**Task**
How many lines of the data contain "frente"? Reply with the number alone.
Material provided Start Marker
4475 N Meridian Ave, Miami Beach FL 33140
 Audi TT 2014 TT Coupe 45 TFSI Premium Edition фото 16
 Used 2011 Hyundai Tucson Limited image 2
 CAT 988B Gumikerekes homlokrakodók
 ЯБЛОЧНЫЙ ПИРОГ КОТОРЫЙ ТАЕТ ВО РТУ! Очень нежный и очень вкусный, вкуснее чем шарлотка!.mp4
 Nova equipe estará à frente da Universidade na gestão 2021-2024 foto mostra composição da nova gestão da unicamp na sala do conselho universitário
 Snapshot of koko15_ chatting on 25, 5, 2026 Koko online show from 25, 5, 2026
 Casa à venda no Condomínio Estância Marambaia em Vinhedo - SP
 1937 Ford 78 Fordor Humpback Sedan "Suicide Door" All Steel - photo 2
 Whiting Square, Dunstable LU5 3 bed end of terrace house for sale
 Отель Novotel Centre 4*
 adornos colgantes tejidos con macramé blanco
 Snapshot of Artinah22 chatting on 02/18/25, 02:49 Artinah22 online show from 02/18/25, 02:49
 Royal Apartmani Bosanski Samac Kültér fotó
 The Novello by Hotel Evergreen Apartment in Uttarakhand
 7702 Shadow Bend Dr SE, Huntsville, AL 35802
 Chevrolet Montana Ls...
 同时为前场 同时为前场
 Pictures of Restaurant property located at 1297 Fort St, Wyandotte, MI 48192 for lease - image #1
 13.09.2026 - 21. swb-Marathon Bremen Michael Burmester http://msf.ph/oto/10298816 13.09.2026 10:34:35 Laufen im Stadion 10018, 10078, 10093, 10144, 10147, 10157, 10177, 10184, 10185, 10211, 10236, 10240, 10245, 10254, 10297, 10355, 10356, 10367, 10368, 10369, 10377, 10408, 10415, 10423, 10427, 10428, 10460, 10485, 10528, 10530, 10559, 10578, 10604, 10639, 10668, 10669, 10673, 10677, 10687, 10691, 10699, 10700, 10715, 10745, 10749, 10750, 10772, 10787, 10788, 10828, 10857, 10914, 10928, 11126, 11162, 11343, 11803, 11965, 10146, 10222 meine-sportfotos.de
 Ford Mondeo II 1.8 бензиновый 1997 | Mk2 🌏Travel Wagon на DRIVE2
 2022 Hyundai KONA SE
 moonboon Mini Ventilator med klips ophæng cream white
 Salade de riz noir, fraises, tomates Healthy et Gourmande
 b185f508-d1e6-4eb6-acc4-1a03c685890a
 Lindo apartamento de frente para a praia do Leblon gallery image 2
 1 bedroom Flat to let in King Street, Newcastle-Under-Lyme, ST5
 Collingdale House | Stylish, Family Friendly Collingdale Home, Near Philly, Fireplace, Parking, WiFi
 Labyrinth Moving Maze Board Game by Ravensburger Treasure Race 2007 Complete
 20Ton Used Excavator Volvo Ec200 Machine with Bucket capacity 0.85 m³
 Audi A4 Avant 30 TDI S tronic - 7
Material provided End Marker
**Response to this task**
2